Having arrived in Belen in a sandstorm on a Sunday I enjoy a week of clear weather before leaving Belen in a sandstorm on a Sunday. After enduring another 20 km of Ruta 40 I get to slip back onto the good stuff

… down to a downright miserable camp. It’s bloody hot and I’m swarmed with flies in the evening and morning. This camp confirms that I definitely belong in cooler climes and higher places

Having survived the night I’m left just a short burst down into the town of Tinogasta. In the town square they have this sign proclaiming the Falkland Islands to be Argentinian. This kind of nationalistic propaganda makes me sick. I don’t give two hoots who has sovereignty over these islands but really dislike it when governments try to spoon feed opinion to their people. These signs are everywhere and part of the reason why I shall be taking my tour south through Chile and not Argentina

Having successfully located the cold Coke and cake I’d been lusting after in Tinogasta I hop on the Ruta 60 towards Fiambala

Arriving in Fiambala just after lunch I settle in and make preparations for the next leg of my journey. The next day I will start my climb over Paso San Francisco and back into my beloved Puna de Atacama
Route Tips
4.5 days, 402.5 km (250 miles), 2,990 m (9,810 ft.) of climbing
This was undoubtedly the easy option for me but still quite enjoyable. Pretty much the entire route from Antofagasta de la Sierra to Belen is paved, with only the headwinds of the upper reaches of Portezuelo de Pasto Ventura (3,996m) offering any kind of challenge. Travelling south this marks a descent down out of the Puna. Route notes and any other relevant information can be found on Neil and Harriet Pikes Andes By Bike website here. They chart a route that runs 440.4 km south from Salar de Pocitos (3,700m), through Antofagasta de la Sierra (3,400m) to El Eje (1,780m) where the Ruta 40 runs 48 km to Belen.
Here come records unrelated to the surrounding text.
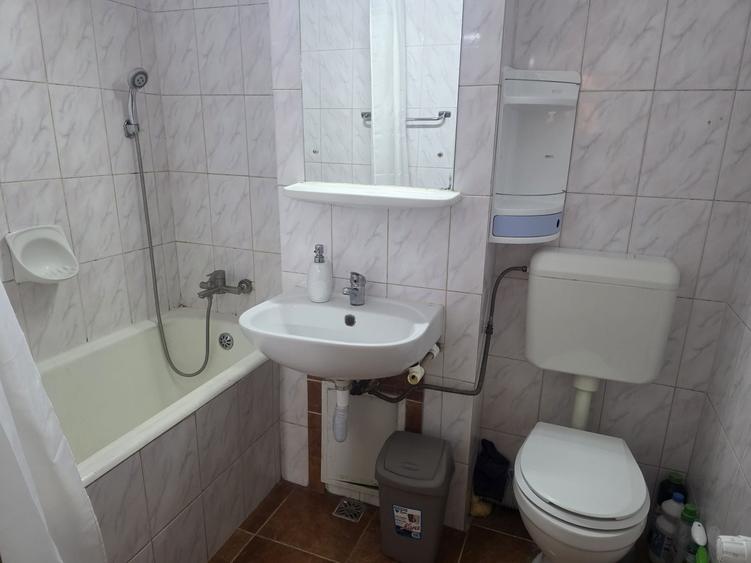 Apartament cu 2 camere semidecomandat în Obor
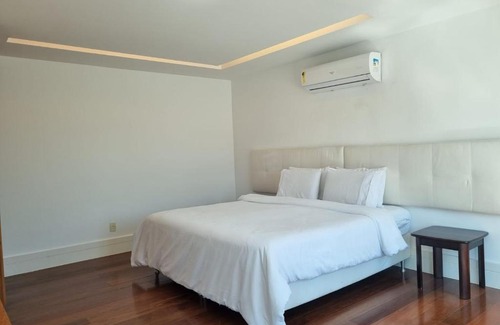 Flamengo Apartment | Top-Rated Cobertura with Pool & Family-Friendly Atmosphere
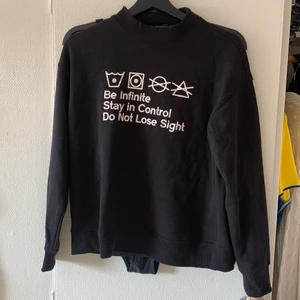 Kloooka citat - Cool sweatshirt från forever21! Asbra och snyggt tryck. Använd ett fåtal gånger. Lite högre i halsen! Storlek M❤️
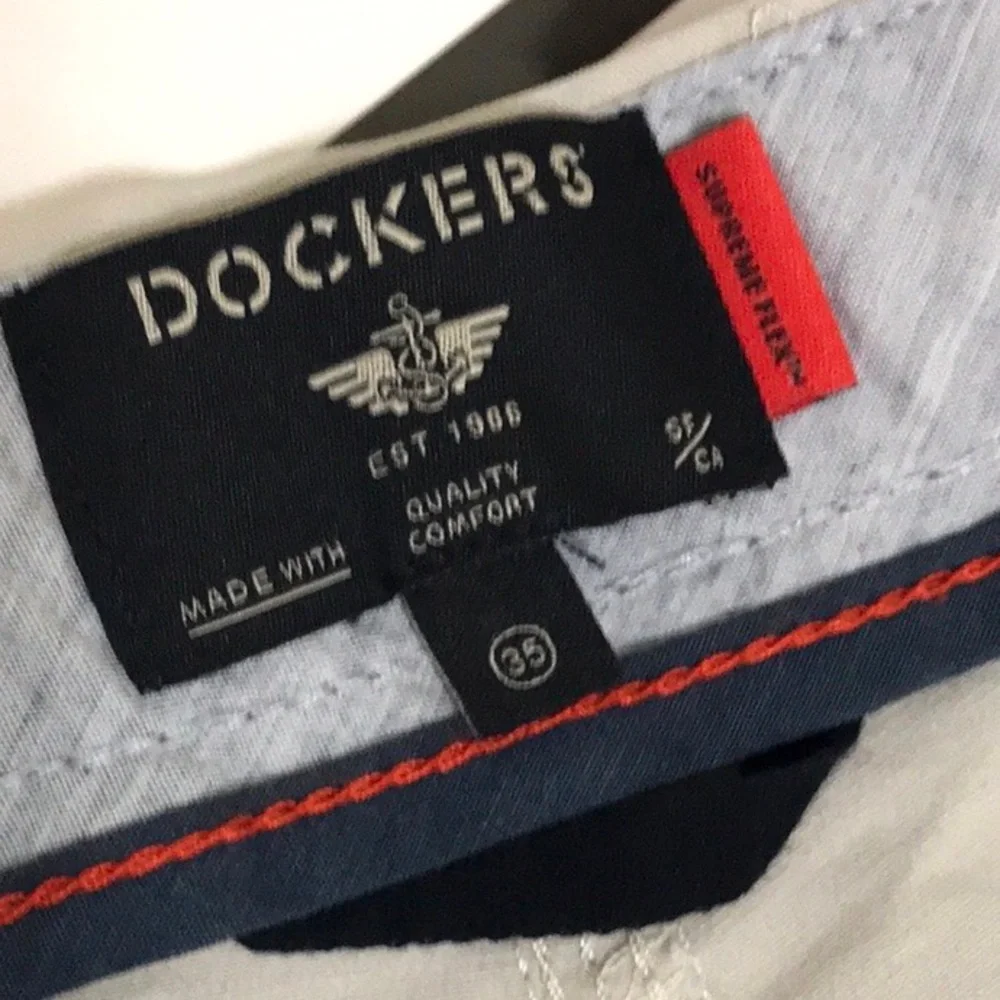 Dockers extreme flex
I’d recommend staying in Hostal Belen in Belen. Run by a lovely family and only 70 pesos a night, if you bag the big front room it’s a nice place to relax. There is WiFi in the hostal but it is slow. In fact internet is universally very slow in the town, even at the internet cafe. If you ask around you’ll find the excellent zapateria who resurrected my cycling shoes (he has no shop but operates from one of the streets by the big hotel). It is possible to get good rates on changing US$ but again you’ll have to ask around (I don’t want to detail here because it is illegal).
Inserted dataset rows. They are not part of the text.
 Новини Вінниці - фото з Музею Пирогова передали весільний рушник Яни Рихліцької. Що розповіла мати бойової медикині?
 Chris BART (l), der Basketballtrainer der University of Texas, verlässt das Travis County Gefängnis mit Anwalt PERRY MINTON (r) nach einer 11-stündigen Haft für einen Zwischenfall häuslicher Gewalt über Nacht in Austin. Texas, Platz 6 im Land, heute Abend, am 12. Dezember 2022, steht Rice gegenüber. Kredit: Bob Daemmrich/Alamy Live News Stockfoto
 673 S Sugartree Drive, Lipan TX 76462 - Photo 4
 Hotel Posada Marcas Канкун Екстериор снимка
The route from Belen through Londres, over Cuesta de Zapata (1,875 m) to Tinogasta and then up the Ruta 60 to Fiambala is also detailed by the Pikes here. This is a fun little trundle but not without its challenges. The condition of the road on the first half of the dirt section of the ride is quite poor. High temperatures and a lot of flies once I’d descended the Cuesta made some sections of the ride a little arduous.
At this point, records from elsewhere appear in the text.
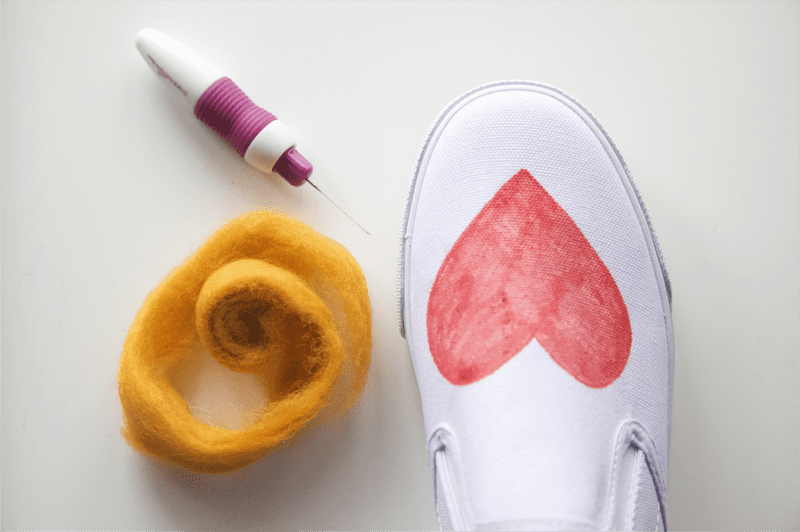 DIY Needle Felted Heart Shoes + featured by Top US Craft Blog + The Pretty Life Girls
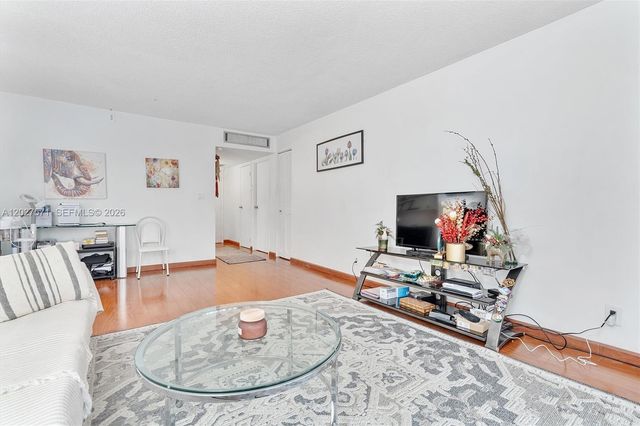 20400 W Country Club Dr 214, Aventura, FL 33180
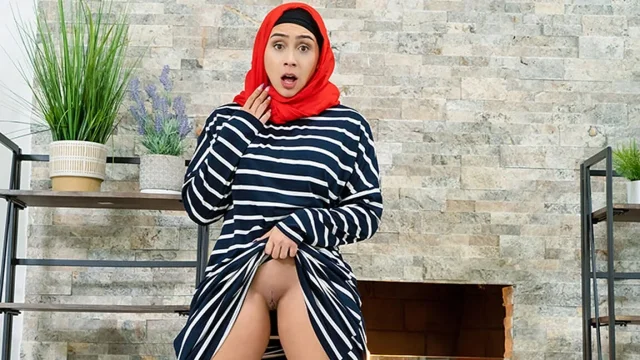 Caught My Step Mom Cheating and Now She Lets Me Hit That Big Juicy Booty Free Movie Full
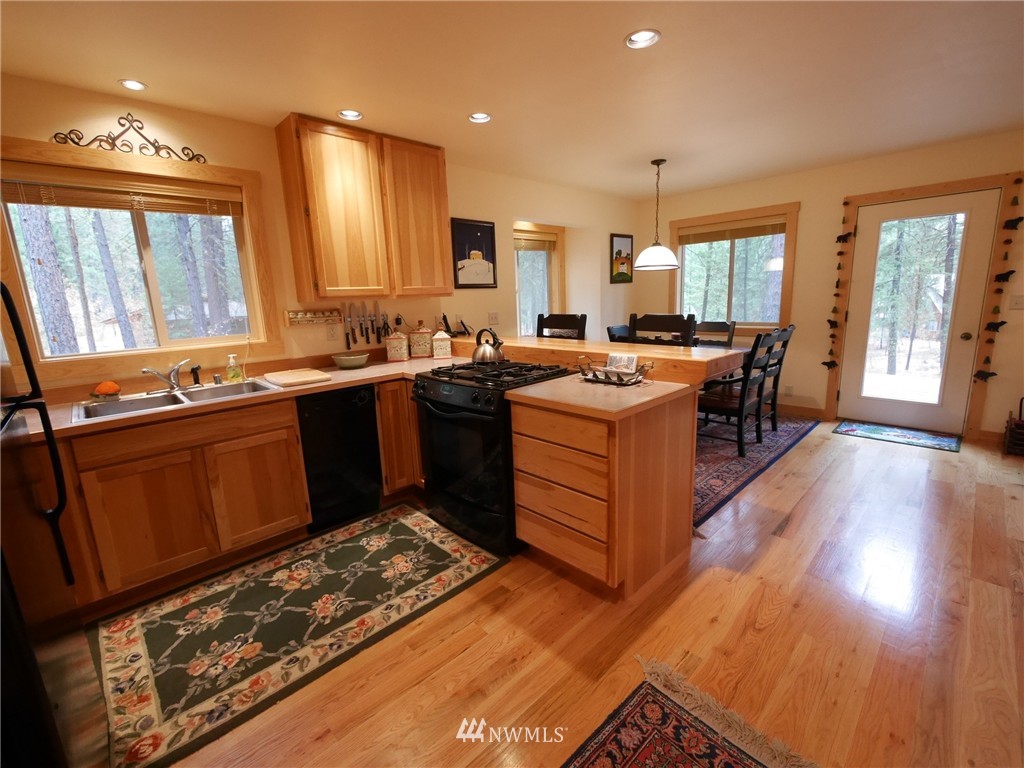88 Homestead Road Winthrop, WA 98862 - Photo 8 of 25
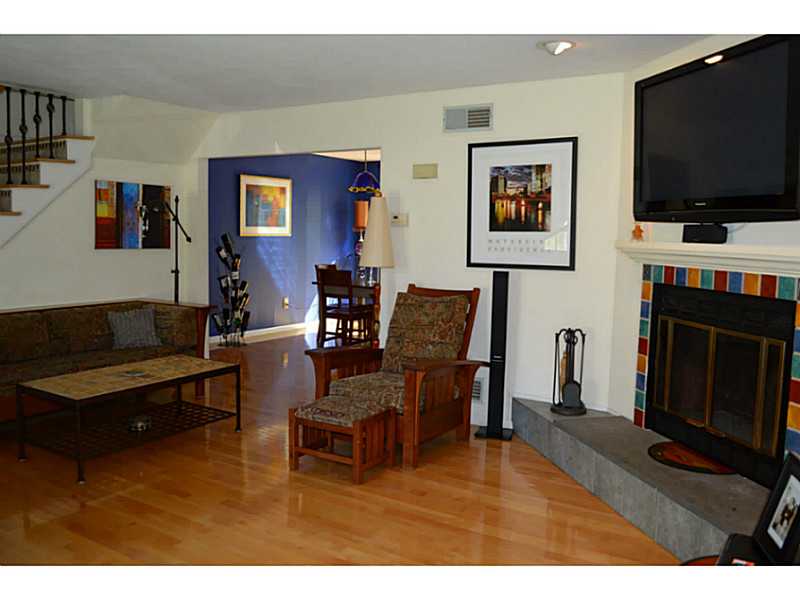 392 Boston Neck Road, Unit 2 North Kingstown, RI 02852 - Photo 7 of 25 Living Room.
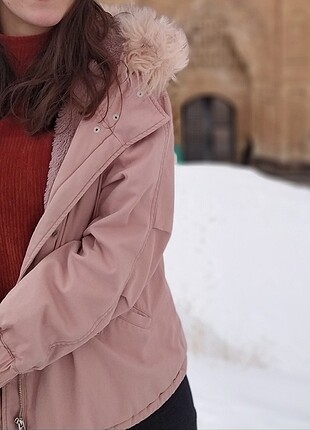 Mavi pembe mont
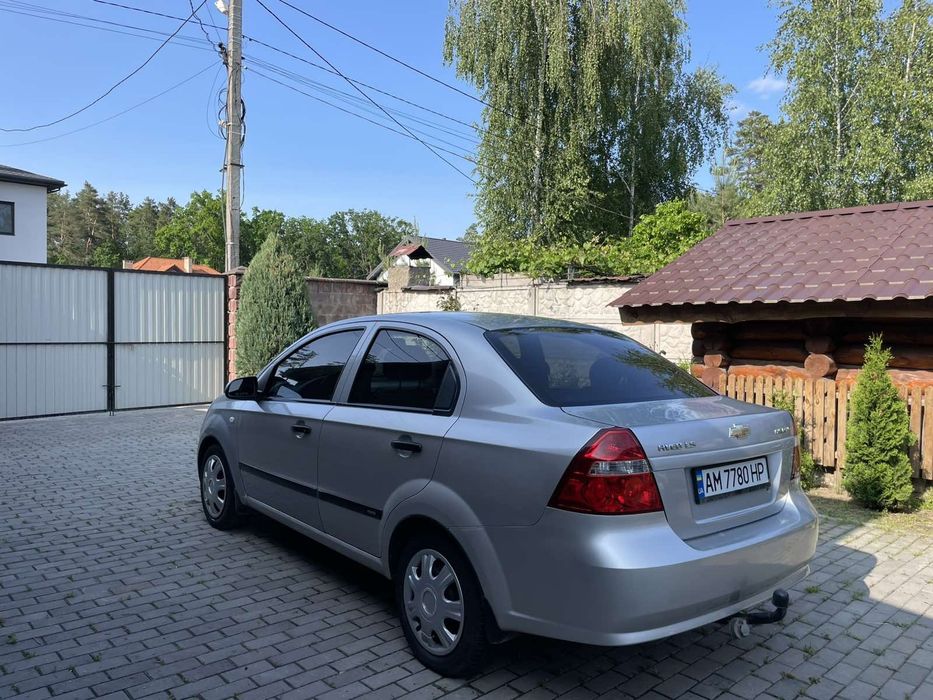 Продам шевроле авео т250  2008 газ-бензин 1.5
Fiambala is a relaxing little town that comes alive in the evenings and mornings. I spent my one night there in the comfortable San Pedro Hostel. There is free WiFi in the town plaza but it is a bit sketchy. You’ll be able to resupply with food from the many mini markets about town.
Think about you often, Nate. So glad to hear that you are once again doing well, and still on the bike! Take care. Love the pictures.
More epicness! Good choice to bail to avoid a more serious injury, always tough. Glad to hear your heading back to Puna! I’m so envious and looking forward to getting down there!